The report calls on the EU to upgrade investor responsibilities, recommending European investors explicitly integrate climate risks into their legal fiduciary duties, and – just as France's Article 173 law has done – consider risks over the timeframes of their clients’ assets.
Embedding these long-term environmental risks into decision making and being encouraged – through regulation – to give forward looking analysis will be critical for our financial system to support a well-below 2-degree pathway.
This also makes business-sense. Bringing environmental risks into focus allows investors to better price and manage them, and enables companies to make long-term investments without fearing share price dips.
Central to this: High-quality information.
Over 7,000 companies worldwide now report their sustainable transition plans through CDP. Our work gives investors information covering most of Europe's market capitalization.
For hundreds of companies, these transition plans already include setting science-based emissions reduction targets, and the use of internal carbon pricing mechanisms.
The next step on the pathway to a truly sustainable economy is strong regulation to mandate further disclosure, filling in the gaps, and delivering investors the information they need to fulfil their fiduciary duty.
2) Environmental reporting is going mainstream – but it needs to happen faster
The HLEG also endorses the Taskforce on Climate-related Financial Disclosure’s (TCFD) recommendations, aimed at mainstreaming climate information in financial reports.
It calls for the recommendations to be implemented when the EU revises its Non-Financial Reporting Directive (NFRD) in 2018/2019, which sets out mandatory disclosure rules for companies in the bloc.
Transitioning over this timeframe will help protect against system shocks, but while we are moving towards meaningful mandatory disclosure, EU rules will not be TCFD compliant until 2021 at the earliest. It is crucial that the NFRD review is not delayed.
Businesses are already adapting to this new era in disclosure.
Seeing better reporting as an opportunity that brings long-term investment in their transition plans, more than 240 major companies worth over $5 trillion have now endorsed the TCFD.

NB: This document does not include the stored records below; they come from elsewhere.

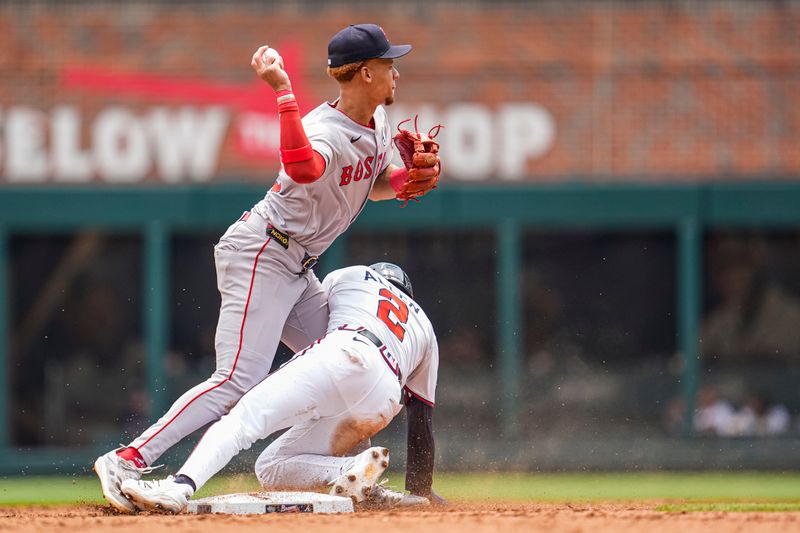Jun 1, 2025; Cumberland, Georgia, USA; Boston Red Sox second baseman Kristian Campbell (28) is hit by Atlanta Braves shortstop Nick Allen (2) while trying to throw during the fifth inning at Truist Park. Mandatory Credit: Dale Zanine-Imagn Images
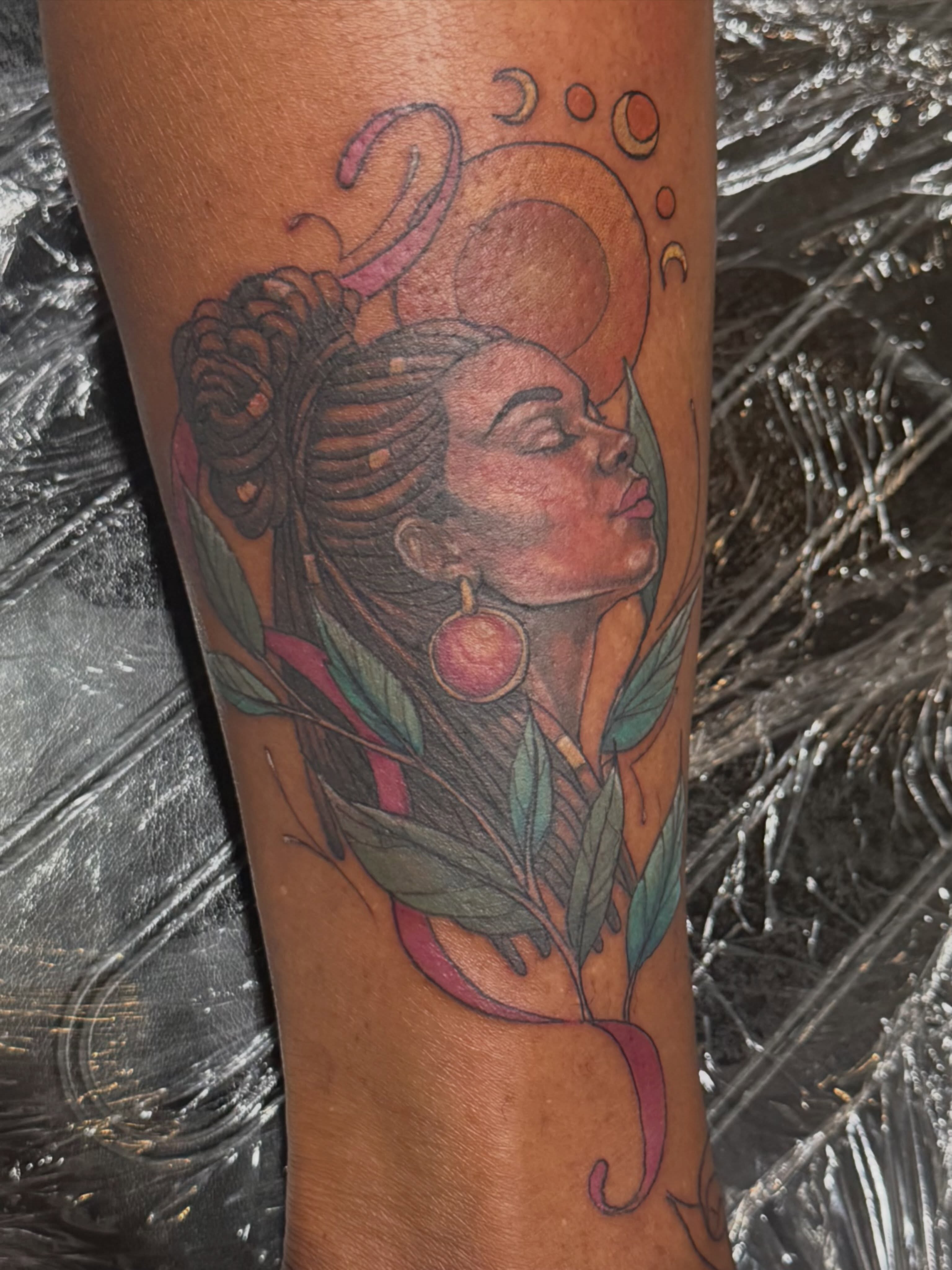 Woman with crescent moon illustrative tattoo on the forearm by Courtney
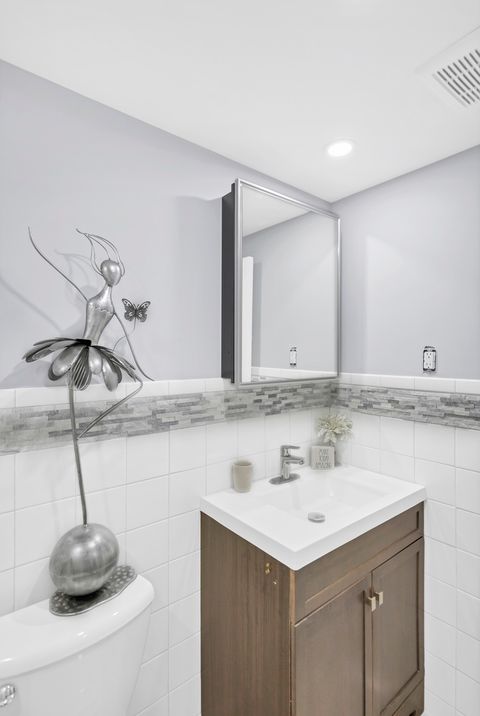 Tiny photo for 7754 W Higgins Road #J, Chicago, IL 60631 (MLS # 12433954)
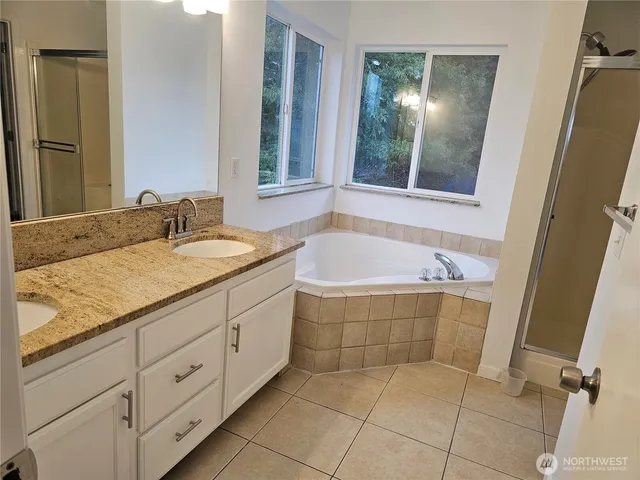a spacious bathroom with a granite countertop sink a toilet and a mirror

And CDP's upgraded disclosure platform will see more than 6300 companies providing investors with TCFD-compliant disclosure for the first time this year.
That's why CDP welcomes the HLEG's recommendation to speed up voluntary adoption until regulation kicks in.
We urge the European Union to send a clear message to the business community, by beginning to implement the TCFD and speed up the process of unlocking the level of investment needed to secure changes at scale.
3) A green fund future is in our grasp
Acknowledging Climetrics as one of the most advanced ratings on the market, the report calls on the EU to develop a new green label for funds by 2019. This would enable retail investors to play their part in building a financial system that works, long-term, for people and planet.
These retail investors hold 40% of the EU's total assets. They are a missing link. And they must be empowered to vote with their money for the future they want.
As the benchmark for measuring funds' climate-related impact, accelerating the adoption of Climetrics will be a critical lever for long-term climate action.
CDP is dedicated to increasing the pace of our transformation, and Europe is now at a tipping point. The EU High-Level Expert Group on Sustainable Finance sets out a strong pathway to tackle urgent key issues on the way to a sustainable financial system.
As the European Union now makes concrete steps, CDP will support the process, offering the most meaningful tools that policymakers, investors, companies and cities need to make the right decisions now as we create a sustainable financial system in Europe.